The unmodified Porsche Taycan (Performance Battery Plus) chosen for the challenge required seven charge stops at ultra-rapid 350kW Ionity chargers along the 1199-mile journey across 14 countries.
Aside from these brief charge stops, the pair drove the Taycan non-stop for 24 hours from the Netherlands to Serbia, passing through Belgium, Luxembourg, France, Germany, Switzerland, Lichtenstein, Italy, Austria, Slovenia, Croatia, Hungary and Bosnia in that order.
Both drivers faced numerous challenges in their 24-hour driving adventure including rush hour traffic in Luxembourg and a perilous border crossing in Hungary, but this didn’t stop the pair from maintaining a moving average of 61mph. The largest proportion of their time (just over four hours) was spent traversing Croatia as the crescent-shaped country abuts Slovenia, Hungary, Bosnia and Serbia. This contrasts rather starkly with the 10 minutes it took to cross the tiny principality of Liechtenstein.
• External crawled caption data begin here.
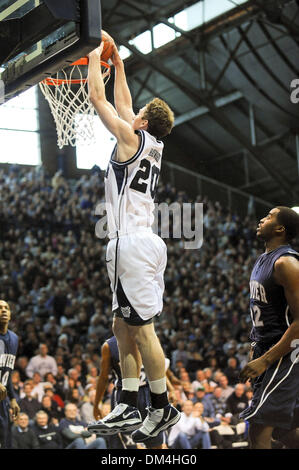 Bulldoggen Gordon Hayward erhält einen Schuss in letzter Sekunde gewinnen über die Musketiere. Butler gewinnt Xavier 69-68. (20) Gordon Hayward scoring (Credit-Bild: © Mike Taylor/Southcreek Global/ZUMApress.com) Stockfoto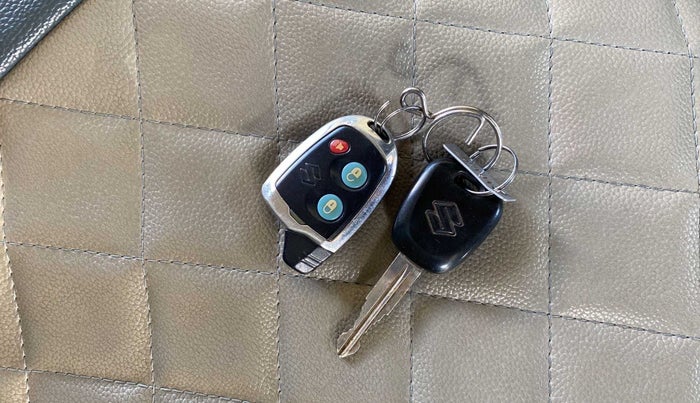 2015 Maruti Alto K10 VXI, Petrol, Manual, 30,508 km, Key Close Up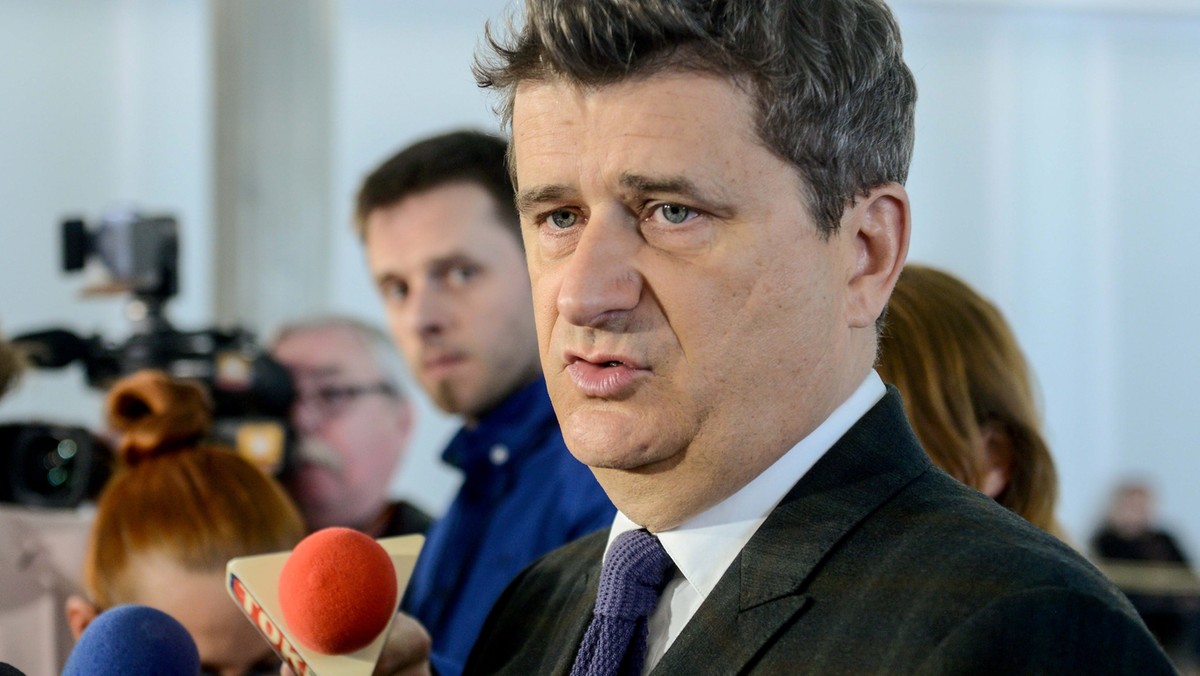 Kandydat na prezydenta Janusz Palikot w Bydgoszczy "warcholstwem" określił twierdzenie, że przyczyną katastrofy smoleńskiej był zamach. Ocenił, że bezkarność osób głoszących takie poglądy i niezakończenie śledztwa powodują brak zaufania obywateli do państwa i jego instytucji.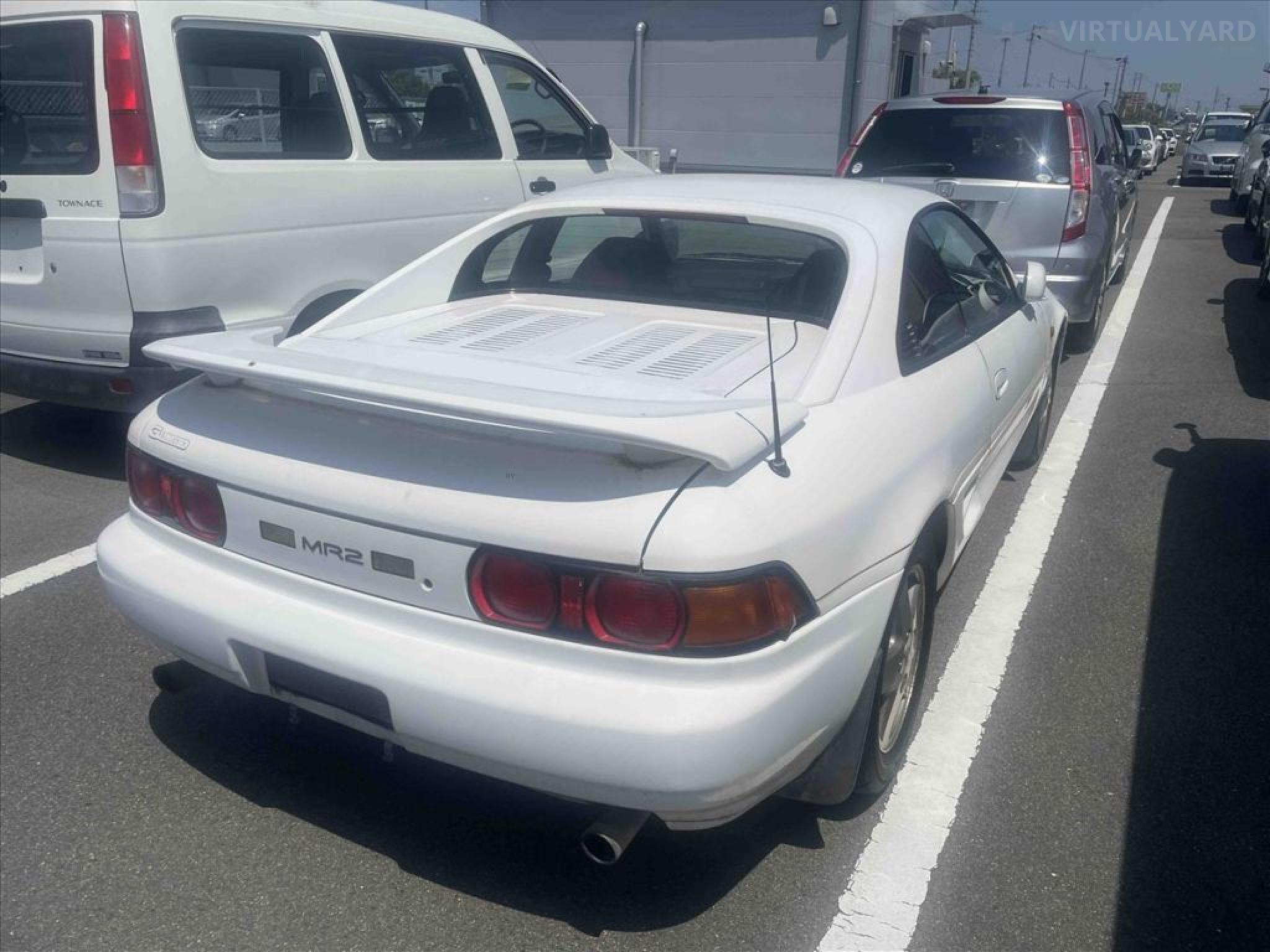 TOYOTA MR2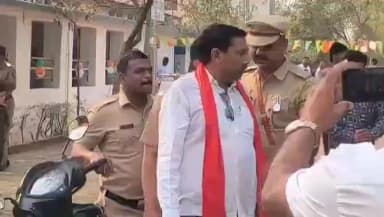 मोताळा: रस्त्याच्या मागणीसाठी शिवसैनिकांनी प्रजासत्ताक दिनच तहसील कार्यालयात अंगावर ओतून घेतले पेट्रोल! प्रशासनात खळबळ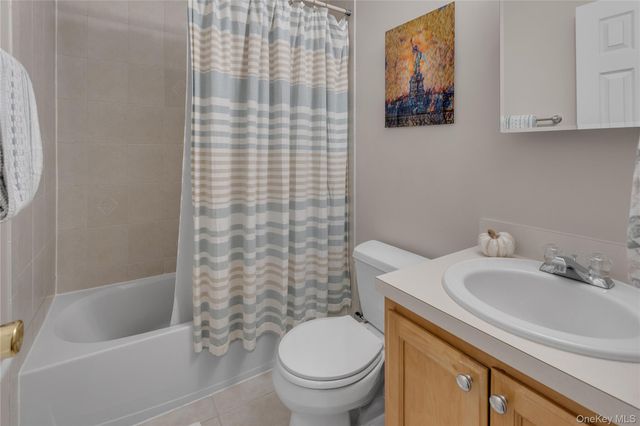 32 Scarborough Drive, Smithtown, NY 11787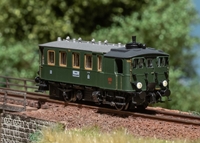 Autorail avec remorque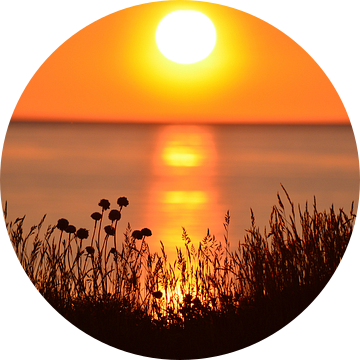 zonsondergang aan Deense kust, oranje lucht van My Footprints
Calculating average charging times and driving speeds, and adjusting for traffic and border crossings, What Car? had initially estimated to make it as far as 13 countries in the 24-hour period. However, they managed to include Hungary in the final tally – taking the total to 14.
Says Neil Winn, Deputy Reviews Editor for What Car?:
“The European road trip has an electric future. Our epic journey has shown that the rise of electric cars doesn’t mean a mega-mile cross-continental holiday is off the cards.
“I knew before we set off that everything would need to go perfectly for us to achieve the initial goal of travelling through 13 countries in 24 hours. So you can imagine our surprise when we decided to do 14 because we were so far ahead of time.
“We believe this achievement is a world record. It’s impossible to get timed records officially verified on public roads, but during our research we didn’t find any documentation of other electric adventurers who have managed more countries in 24 hours.”
Meanwhile last week EV company ZEEKR announced it had successfully broken two Guinness World Records at an event in China. The premium all-electric 001 vehicle broke the record for the fastest drift ever achieved by an electric car hitting a maximum speed of 207.996km/h. It then went on to take the title for the fastest electric car slalom between 50 equally spaced cones at 49.05 seconds.